DIRECTIONS> Give back exactly the lines of the material below that start at the line containing "Blue Lattice Wall Lamp" and end at the line containing "Скриншот 4 — Learn AI Tools - Learnova", and no others.

MATERIAL SHOWN>
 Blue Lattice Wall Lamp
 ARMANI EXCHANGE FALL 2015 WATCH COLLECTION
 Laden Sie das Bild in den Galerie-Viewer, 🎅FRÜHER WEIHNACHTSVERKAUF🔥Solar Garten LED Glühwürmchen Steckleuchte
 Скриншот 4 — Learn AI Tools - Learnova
---
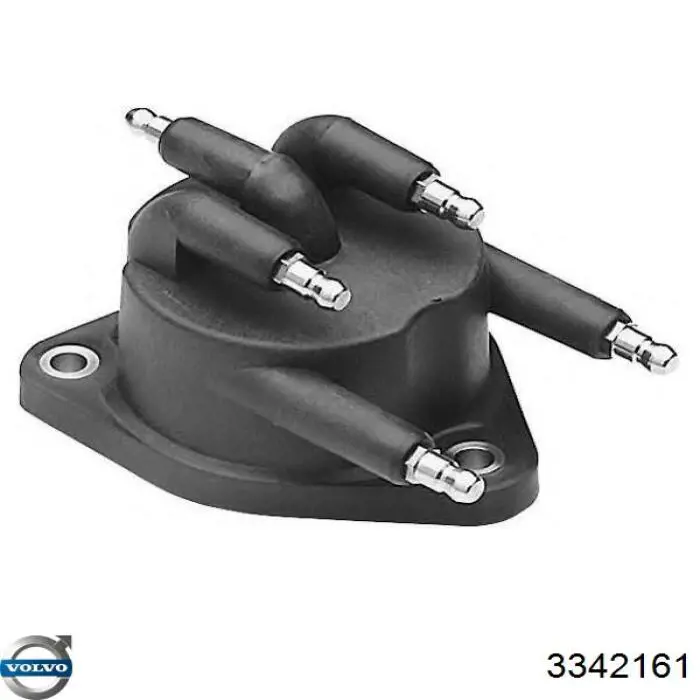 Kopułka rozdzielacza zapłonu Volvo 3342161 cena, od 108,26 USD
==
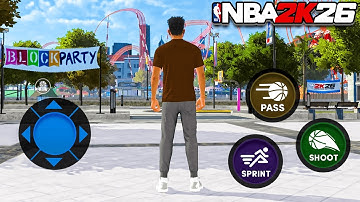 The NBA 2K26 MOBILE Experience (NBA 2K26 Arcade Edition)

RESPONSE AREA>
 Blue Lattice Wall Lamp
 ARMANI EXCHANGE FALL 2015 WATCH COLLECTION
 Laden Sie das Bild in den Galerie-Viewer, 🎅FRÜHER WEIHNACHTSVERKAUF🔥Solar Garten LED Glühwürmchen Steckleuchte
 Скриншот 4 — Learn AI Tools - Learnova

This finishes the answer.